Maya La Chocolaterie is a leisure destination for chocolate-loving tourists from the region, as well as farther afield in Europe and the US. Through its franchise model, the brand carried its presence into other GCC countries, with plans to continue expanding internationally.
But, Janahi admits that building up the business has not been without its challenges.
“Funding is a key challenge. Partnerships can also be challenging as we unfortunately do not have a crystal ball to predict whether potential partners share the same passion and objectives as us. Nevertheless, through these challenges I have learned that with perseverance, everything is possible.”

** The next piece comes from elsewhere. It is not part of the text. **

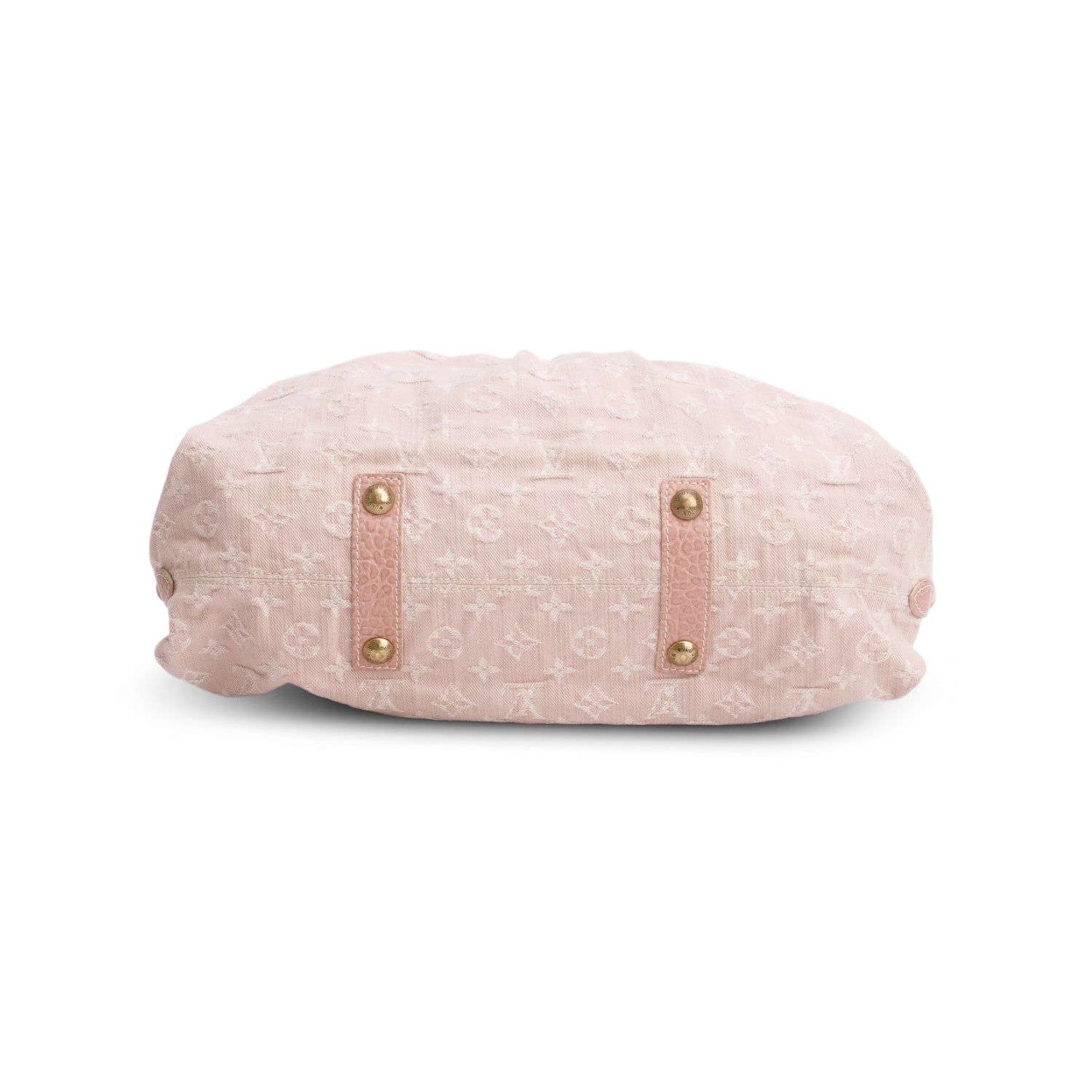Louis Vuitton Pink Denim Monogram Neo Cabby MM w/ Strap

Janahi, who will be speaking the 18th Arab Businessmen and Investors Conference (ABIC) in Manama, Bahrain, which runs from 11–13 November 2019, says that the event is a critical conference for driving investment in entrepreneurship and digital innovation in the Arab world.
Organised and supported by the Bahrain Chamber of Commerce and Industry (BCCI), Union of Arab Chambers, Arab League, The Arab Investment and Export Credit Guarantee Corporation and the UN, this year’s ABIC will explore the advent of the fourth industrial revolution (4IR) in Arab countries.
The event will also highlight the opportunities and challenges of 4IR to key stakeholders and emphasise the need to align with global developments that are driving major breakthroughs across many industries and sectors.
“Bahrain is ready to adopt the next challenge as the digital age dawns on the global market. We are ranked tenth in the world in mobile penetration rate, fifth globally in mobile broadband penetration rate and third globally for the percentage of internet users,” says Jahani.
The Maya La Chocolaterie founder says Bahrain has much to offer digital innovators and start-up companies.
“Setting up a company in Bahrain is an extremely efficient process. Government organisations like Tamkeen provide the necessary support for all start-ups and established companies in Bahrain,” she says.
“Bahrain is the ideal location for any founding concept to start from due to the simple yet sophisticated support systems available. It is the place to test the concept, adjust it, perfect it and take it global.”
Jahani insists that all local entrepreneurs should have a global vision in mind.
“Entrepreneurs need to ensure that their business model is globally sustainable. They also need to have an innovative edge. Most importantly, they need to learn from their mistakes, move on and enjoy the rollercoaster ride.”